About 125,000 Syrians have left the country since the 18-month conflict began, and as many as 500,000 people still in Syria have been displaced from their homes, the U.S. State Department said July 19.
Even with UN-led peace efforts in tatters, Western nations said Assad’s days were numbered. Those numbers are getting “smaller and smaller,” Susan Rice, the U.S. ambassador to the UN, said yesterday.
President Barack Obama praised the determination of people in the Middle East and North Africa to achieve democracy and their universal rights in a statement celebrating the start of Ramadan yesterday. “The United States continues to stand with those who seek the chance to decide their own destiny, to live free from fear and violence, and to practice their faith freely,” Obama said in the statement.

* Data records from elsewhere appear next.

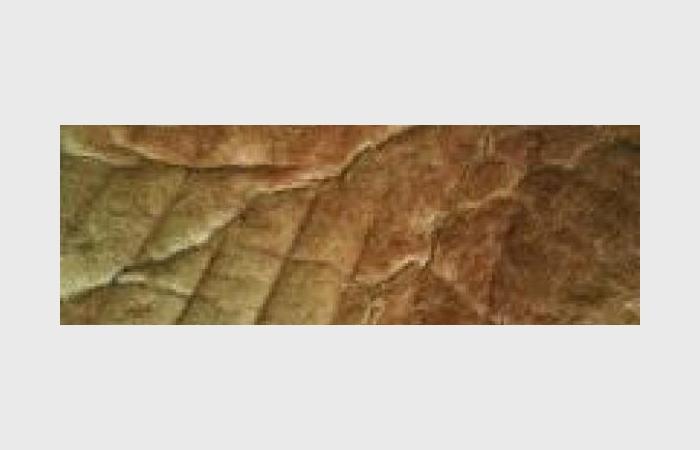 R�gime Dukan (recette minceur) : P�te a pizza plutot ferme  #dukan https://www.proteinaute.com/recette-pate-a-pizza-plutot-ferme-6430.html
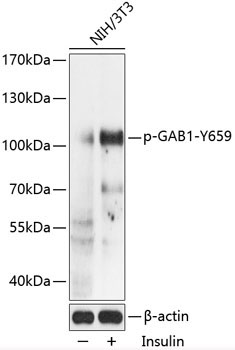 Phospho-GAB1-Y659 Rabbit Polyclonal Antibody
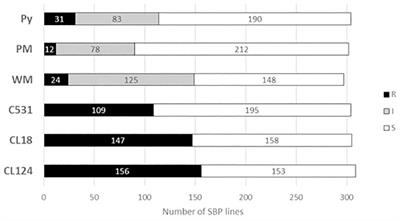 Screening for resistance to four fungal diseases and associated genomic regions in a snap bean diversity panel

The Assad government held state funerals yesterday in Damascus for top security officials killed in a bomb attack this week as it seeks to reassert itself in a city that until recently had been spared the worst of the violence.

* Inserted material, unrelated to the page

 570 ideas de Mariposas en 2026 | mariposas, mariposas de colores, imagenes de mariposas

Among the four victims of the July 18 blast, Assad’s brother-in-law, Assef Shawkat, Defense Minister Dawoud Rajhah and the vice president’s military adviser, Hasan Turkmani, were the most senior officials to die since the uprising began.
Syrian troops are moving chemical weapons across the country in preparation for their use, Reuters reported today, citing General Mustafa Sheikh, who defected to Turkey. The weapons are being moved from storage, possibly in retaliation for the July 18 attack, the general told Reuters in an interview, citing rebel intelligence obtained in recent days.
Two generals and two colonels in the Syrian military were among 160 Syrians who crossed the border into Turkey seeking refuge, the state-run Anatolia news agency reported today.
The Syrian Observatory for Human Rights, an opposition group, said in an e-mail today that 190 civilians were killed in the country yesterday, including 63 in Damascus and 19 in Deraa. At least 43 Syrian soldiers were killed, it said. Troops shelled Aleppo, where “dozens of missiles fell in the city, and many houses were destroyed and flattened,” the Local-Coordination Committees, another opposition group, said. Five explosions were heard in Aleppo early today, the LCC said.
The civil war is splitting the country along increasingly sectarian lines, with a Sunni Muslim-led opposition confronting a government whose top officials are drawn from the Alawite sect, affiliated to Shiite Islam.
Russia, which on July 19 used its veto for a third time to protect Syria from UN sanctions, said its envoy in Paris had been misunderstood when he told French radio that Assad would be willing to go if it was arranged in a “civilized manner.”
“Only the Syrian people can decide the fate of Syria, including that of its leadership,” the Russian Foreign Ministry said in a statement.
Hopes for a peaceful outcome to the crisis have evaporated, said Aram Nerguizian, a visiting fellow at the Center for Strategic and International Studies in Washington.
“What was possible nine months ago, became difficult six months ago and intractable three months ago,” he said. “Now we’re heading straight toward chaos.”